THE system for handling asylum seekers in the North-East is verging on collapse following a massive increase in the numbers arriving in the region, an investigation by The Northern Echo has revealed.

Charity workers have told how they are desperately struggling to cope with the tide of "invisible people".

Now a North-East MP is to intervene with the Home Office, asking it to take account of the growing crisis in the region.

Over the past two years, the number of stowaways arriving in the region on ferries and trucks has rocketed from less than 50 a year to up to 300 a month.

These stowaways do not qualify for food vouchers until the Home Office agrees to consider their applications for asylum - and that can take months.

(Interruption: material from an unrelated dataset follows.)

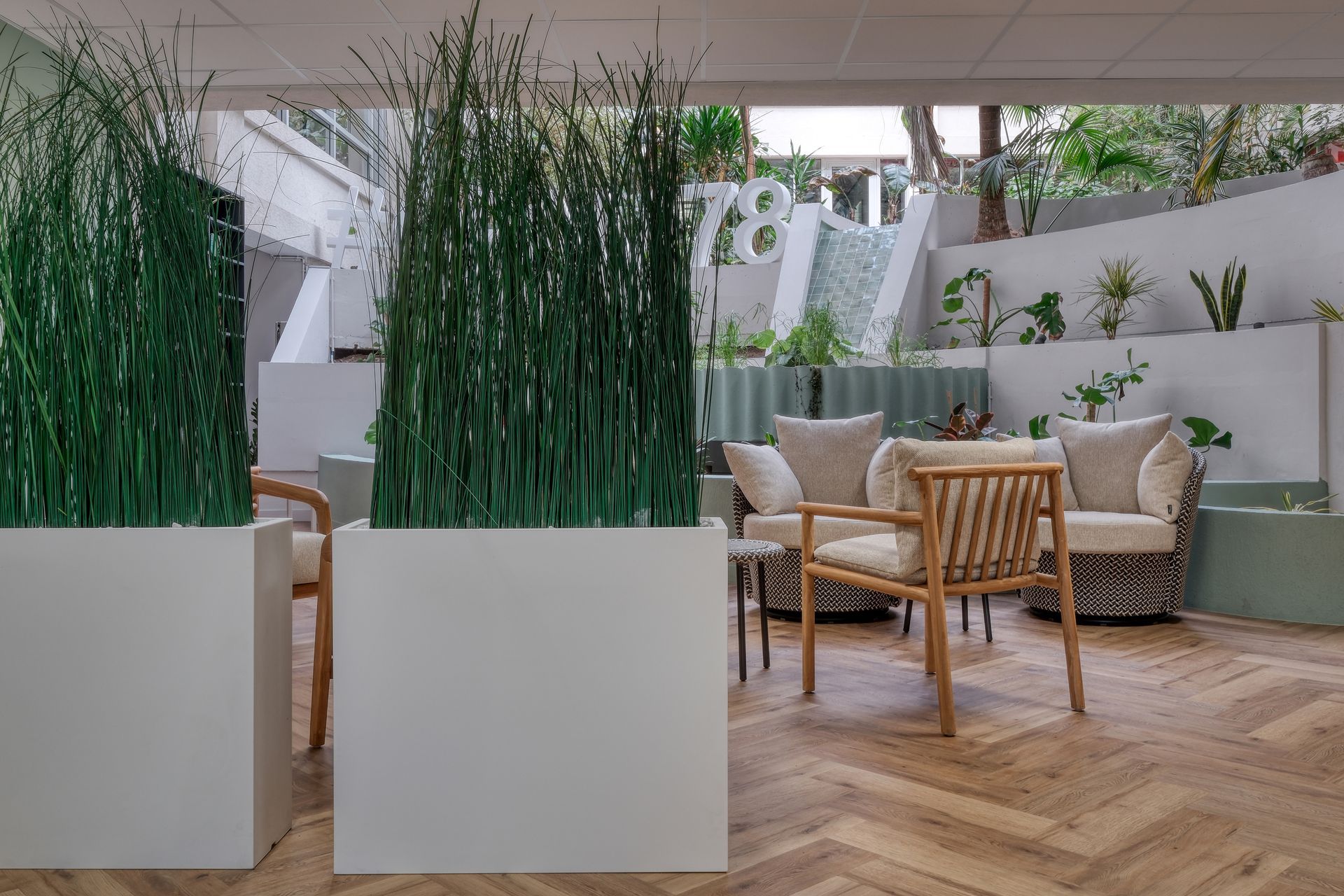 Un salon avec un parquet, des chaises, des tables et des jardinières.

In the meantime, they are placed into the care of the North of England Refugee Service.

The service, which has five offices covering the region, originally signed a "one-stop service" contract to fulfil this function for seven working days.

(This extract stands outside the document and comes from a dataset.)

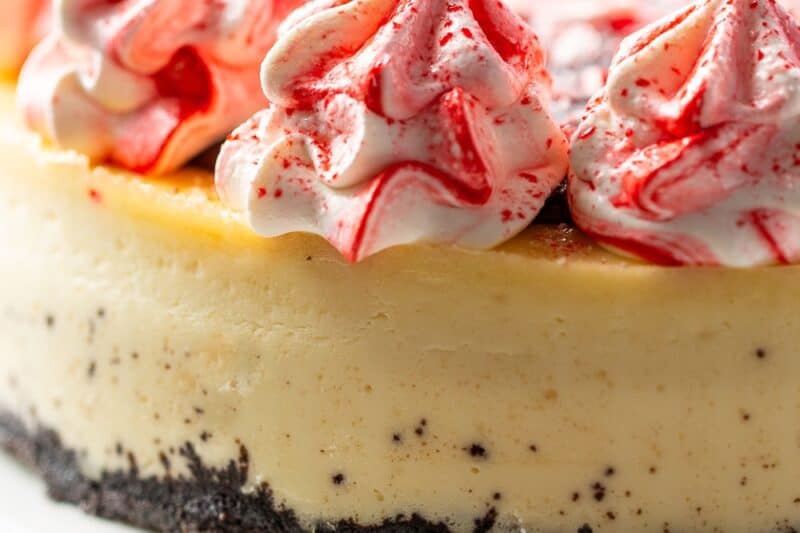 A side view of a peppermint cheesecake on a cake plate.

But now it is being left to provide newcomers with food, shelter, clothing and every other necessity for up to five months.

Daoud Zaaroura, the Refugee Service's chief executive, said: "Stowaways are the responsibility of no one. Local authorities have no obligations to them. We're the only organisation providing this level of support and our resources are hardly coping.

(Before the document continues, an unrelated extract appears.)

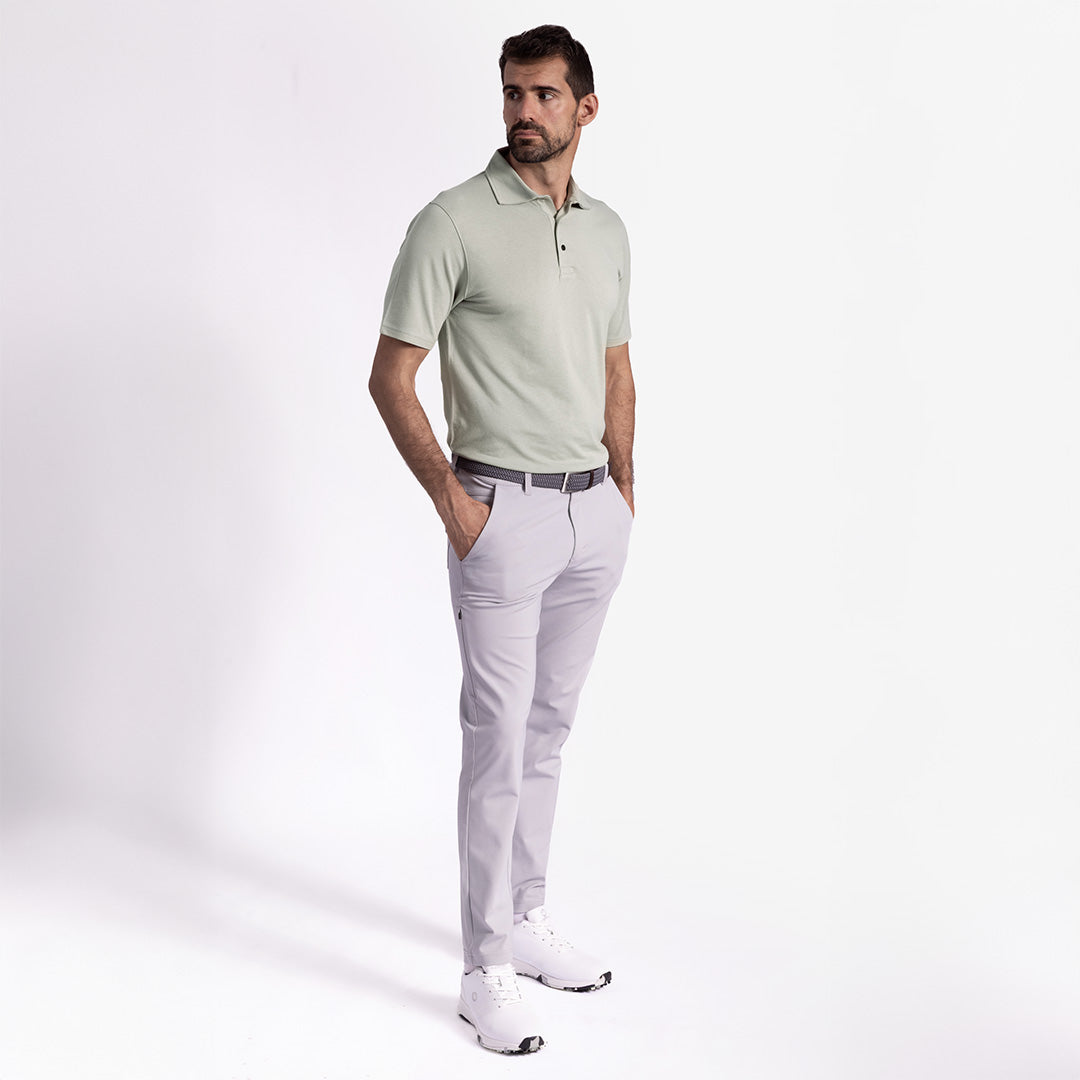 Man wearing a light green polo shirt and gray pants on a plain background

"There's concern that unless some other partners or more resources are brought in, people will be left without any kind of support and on the streets."

One of the sharpest rises in asylum seekers has been felt on Teesside, where there have been frequent arrivals on ferries coming into Teesport. Over 18 days in October, 62 asylum seekers came to the area.

Pete Widlinski, a team leader in the Refugee Service's Middlesbrough office, admitted that cold and traumatised stowaways have been put in properties without central heating or hot water.

"There have been times when we have just had to ring up landlords and send people straight there," he said. "We don't always have time initially to inspect properties."

Major Malcolm Holt, of the Salvation Army's Southfield Road citadel, in Middlesbrough, gives food to four or five asylum seekers a week.

"When they come, they say they are hungry and need something to eat," he said. "We give them some food, but we haven't got a great deal. Something needs to be done."

The plight of the stowaways comes to light shortly after the Home Secretary, David Blunkett promised an overhaul of the system of dispersing asylum seekers, set up to relieve the pressure on traditional entry points in the South.

He has pledged to scrap the vouchers system and build four accommodation centres to hold 3,000 asylum applicants at a time, but sites have yet to be identified.

Redcar MP Vera Baird promised to raise the issue with the Home Office and ask for interim measures before the overhaul takes effect.

"These are invisible people," she said. "The real worry is that they will just disappear and end up working in sweatshops. The situation is clearly unsatisfactory.

"The Home Office hasn't taken into account that asylum seekers are coming into the North-East and people don't have the resources to deal with them.